[llvm-dev] LLD support for mach-o aliases (weak or otherwise)

Michael Clark via llvm-dev llvm-dev at lists.llvm.org
Wed Jun 14 14:47:23 PDT 2017


> On 15 Jun 2017, at 6:50 AM, Louis Gerbarg <lgerbarg at apple.com> wrote:
> 
>> 
>> On Jun 6, 2017, at 4:08 PM, Michael Clark via llvm-dev <llvm-dev at lists.llvm.org <mailto:llvm-dev at lists.llvm.org>> wrote:
>> 
>> Hi Folks,
>> 
>> I’m working on a port of musl libc to macos (arch triple is “x86_64-xnu-musl”) to solve some irreconcilable issues I’m having with libSystem.dylib. I don’t want to use glibc for various reasons, mainly because I want to static link. I have static PIE + ASLR working which is not actually supported by the Apple toolchain (*1), but I managed to get it to work. I’m sure Apple might say “Don’t do that”, but from looking at the history of the xnu kernel ABI, it seems to be very stable between versions.
> 
> I am from Apple, and I will say “Don’t do that.” The kernel ABI for our platforms is not stable, we only guarantee stability at the dynamic link boundary (in this case public symbols exported from libSystem). While the kernel syscall numbers have not changed (though the kernel team reserves the right to do that), the parameter lists and argument marshaling for them certainly has changed. We also do not support static executables on our system.
> 
> We even had bincompat issues related to this i rolled their during the last major release (macOS 10.12 Sierra): Go implemented its own syscall support, which caused all of their binaries that used gettimeofday since the internal interface changed <https://github.com/golang/go/issues/16606 <https://github.com/golang/go/issues/16606>>. More broadly you can look at a discussion of their issues here: <https://github.com/golang/go/issues/16606 <https://github.com/golang/go/issues/16606>>. In their case they want to avoid invoking an external linker like ld64 or lld as opposed to avoiding libSystem, but the effect is the same, they shipped a tool that caused unsuspecting developers to have surprise bincompat issues that were entirely avoidable.
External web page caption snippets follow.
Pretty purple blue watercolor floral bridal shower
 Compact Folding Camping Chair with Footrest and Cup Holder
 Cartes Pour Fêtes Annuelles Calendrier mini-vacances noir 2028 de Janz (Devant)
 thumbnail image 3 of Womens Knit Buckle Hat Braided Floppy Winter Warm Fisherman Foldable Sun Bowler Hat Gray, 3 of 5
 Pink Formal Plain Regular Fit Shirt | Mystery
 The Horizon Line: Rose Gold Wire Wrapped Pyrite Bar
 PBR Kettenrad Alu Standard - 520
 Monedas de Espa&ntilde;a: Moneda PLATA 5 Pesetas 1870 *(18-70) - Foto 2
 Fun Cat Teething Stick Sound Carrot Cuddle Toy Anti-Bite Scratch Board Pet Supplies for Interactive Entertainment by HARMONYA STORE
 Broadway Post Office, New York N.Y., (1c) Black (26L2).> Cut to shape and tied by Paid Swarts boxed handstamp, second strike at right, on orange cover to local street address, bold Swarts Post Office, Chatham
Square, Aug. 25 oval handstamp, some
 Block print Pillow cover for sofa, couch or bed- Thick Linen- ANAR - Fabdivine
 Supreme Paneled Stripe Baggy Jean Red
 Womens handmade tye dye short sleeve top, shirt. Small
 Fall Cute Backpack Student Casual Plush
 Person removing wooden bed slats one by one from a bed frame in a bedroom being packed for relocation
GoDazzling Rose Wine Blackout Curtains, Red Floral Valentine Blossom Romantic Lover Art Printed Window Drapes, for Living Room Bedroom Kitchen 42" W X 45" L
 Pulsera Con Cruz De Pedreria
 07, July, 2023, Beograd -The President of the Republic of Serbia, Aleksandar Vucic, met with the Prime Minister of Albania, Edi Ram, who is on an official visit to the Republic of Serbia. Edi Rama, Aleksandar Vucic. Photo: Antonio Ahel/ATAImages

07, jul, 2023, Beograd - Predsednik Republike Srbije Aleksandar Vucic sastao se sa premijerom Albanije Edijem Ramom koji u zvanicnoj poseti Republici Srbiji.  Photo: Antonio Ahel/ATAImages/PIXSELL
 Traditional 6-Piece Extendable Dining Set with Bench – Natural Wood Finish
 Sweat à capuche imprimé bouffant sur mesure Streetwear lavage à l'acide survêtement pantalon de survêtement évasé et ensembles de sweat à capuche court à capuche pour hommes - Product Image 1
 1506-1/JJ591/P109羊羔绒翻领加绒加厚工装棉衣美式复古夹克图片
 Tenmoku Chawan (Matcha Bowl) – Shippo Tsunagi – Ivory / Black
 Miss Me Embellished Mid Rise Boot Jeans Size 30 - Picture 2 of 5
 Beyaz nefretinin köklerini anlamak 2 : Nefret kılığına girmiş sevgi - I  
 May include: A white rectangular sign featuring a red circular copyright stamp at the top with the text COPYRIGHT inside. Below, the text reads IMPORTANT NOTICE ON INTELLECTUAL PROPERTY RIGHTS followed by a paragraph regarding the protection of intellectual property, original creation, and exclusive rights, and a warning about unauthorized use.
I’m aware that Go has had some issues with the XNU ABI boundary.

I’m working on a CPU simulator / binary translator and I need control of the process address space layout. It seems I may ultimately need to use Hypervisor.framework however that is a lot more work in the short term.

The issue I am having with libSystem.dylib is the lack of weak linkage (versus weak_import) i.e. weak aliases. I don’t want to use a wrapper binary with DYLD_INSERT_LIBRARIES. I want to interpose Libc symbols with some of the symbols present in my binary (memory allocator, mmap). Interposition support is somewhat lacking in the Mach-O toolchain and runtime linker despite the Mach-O format technically supporting what I need (N_INDR and N_WEAK_DEF).

- https://developer.apple.com/documentation/kernel/nlist_64 <https://developer.apple.com/documentation/kernel/nlist_64>

If I could use N_INDR and N_WEAK_DEF to have early bound (runtime link time) interposition with symbols in my binary replacing the C library allocator and mmap, and have libSystem use my implementations then I would be happy. libSystem itself would need to use weak aliases. This is possible with C libraries on other platforms.

I’ve tried relentlessly to intercept the malloc_zone implementation. malloc_zone_register is not sufficient as some of the internal zones are tied to the internals of Libc and I am getting heap collisions with Libc allocated objects and my guest address space. On Linux I have enough control to do what I need and can interpose my symbols to implement versions of libc functions that I wish to override. The problem on darwin is that I am not able to interpose the malloc implementation until main starts, and at that point it is tool late as the C library already has created its internal zones. I’m also unable to interpose mmap. I have already looked at the interpose symbol tricks but they don’t meet my purposes  (not wanting to re-exec with DYLD_INSERT_LIBRARIES). Weak aliases from libSystem to the allocator implementation and various public symbols along with N_INDR and N_WEAK_DEF would be required for me to achieve what I need to achieve (somewhat similarly to the elegant internal implementation of musl libc).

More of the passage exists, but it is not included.